Anthony DeGraw: Absolutely. Even small businesses that have an MSP, we find a lot of organizations and the Southeast does this very well that have current providers in place. And there’s nothing wrong with them. They just may be smaller. Maybe they’re, one to 10 people, a MSP provider or partner, and they’re just wearing so many hats.
And one of the hats is what we’re talking about and it goes to the bottom of their list. And one of the difference in working with a provider that has the size and scale that we do is we have teams of people that are built out on their specialties. And one of the specialties obviously is Backup and Disaster Recovery, how important that is. And they’re doing everything that we just discussed over the last 30 minutes to make sure our customers are protected. The last thing that we want. And I tell customers all the time, you should be holding us accountable for Backup and Disaster Recovery. And we need to be executing on that.
And if you go down, we should be there to make a difference and hopefully surprise you in how fast we’re able to serve your needs and your company to get you back up and running your team productive again, and make sure you’re servicing your clients. Extremely important conversation.
As Jed brought this conversation up to me, he had multiple insurance applications cross his desk, multiple clients that are starting to ask about their cyber insurance renewals, which is gearing us up, but depending on when this gets released in mid February to late February, we’ll do a cyber insurance webinar with our friends over at Measured Insurance. And the whole point of that is the cyber insurance market is changing. Multiple customers are coming back to us now saying, my cyber insurance carrier won’t let me renew my policy unless I get X, Y, Z in place. We’ve never seen that before.

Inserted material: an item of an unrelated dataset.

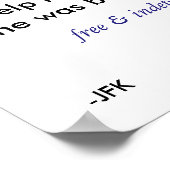 Vrij en onafhankelijk - blauw poster (Hoek)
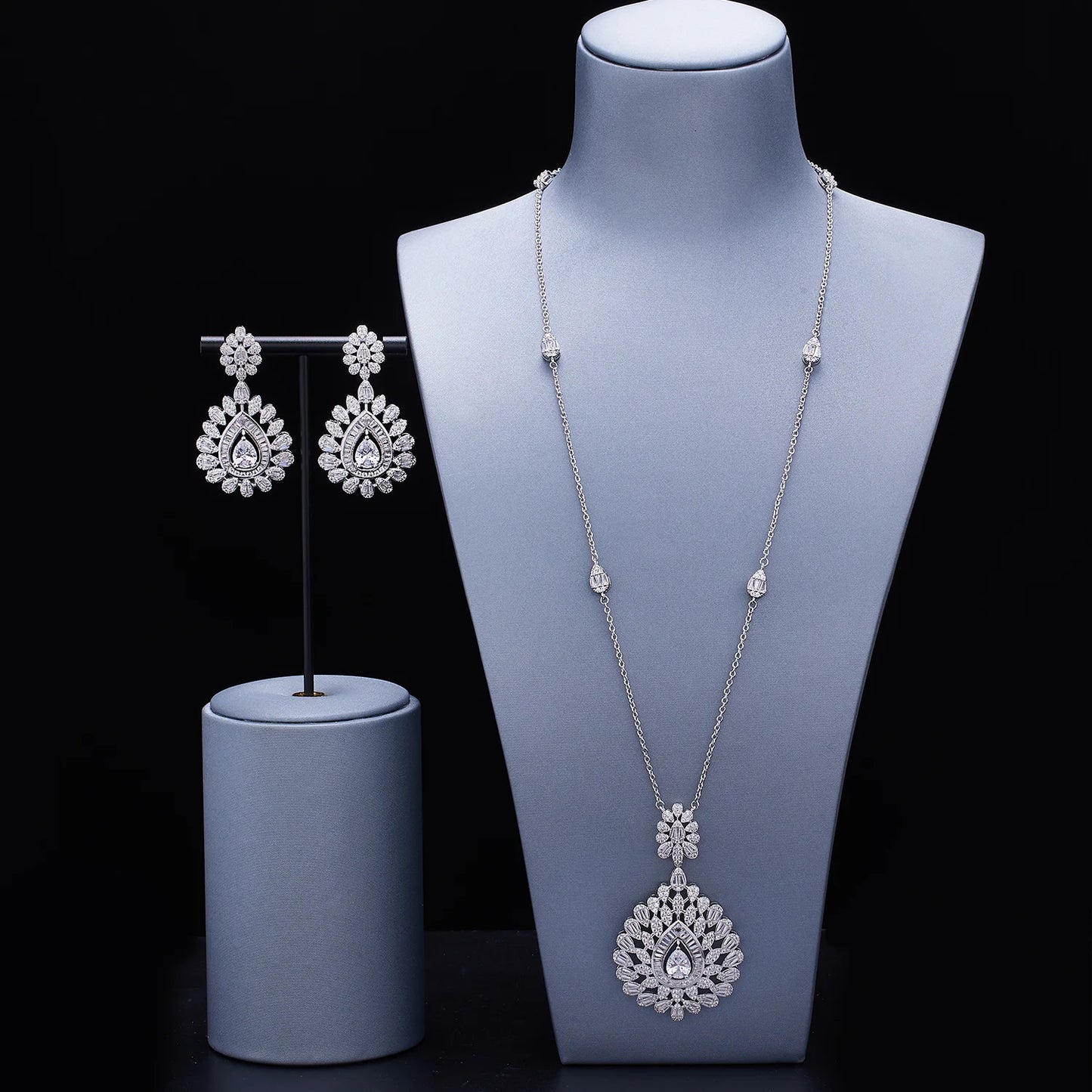 Long Chain Necklace Set for Women Luxury Cubic Zirconia Bridal Jewelry Set Wedding Accessories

And my gut tells me that’s because the cyber insurance carriers are getting rocked in the terms of the amount of claims that they’re paying out or examples of claims that they’re seeing. And they’re getting pretty serious about these applications and the questions that they’re actually asking.
And probably as the Measured Insurance folks told us even denying coverage or denying renewables, because you don’t have minimum standards in place. And once again it’s, I keep telling people it’s 2022 right now, we’ve been dealing with this. Jeff has been seeing this as whole career.
It’s been 10 years of significant breaches, ransomware, everything that gets more sophisticated. It’s 2022. It’s not 2000 where this stuff didn’t, wasn’t top of mind or SMBs weren’t dealing with us.
It’s 2022, insurance marketplace is getting smarter. Managed Service providers are getting smarter and at the end of the day, clients are getting smarter too. We’re here for you.
Jed. Thanks for doing this with me, man.
Jed Fearon: Absolutely. Have a great weekend.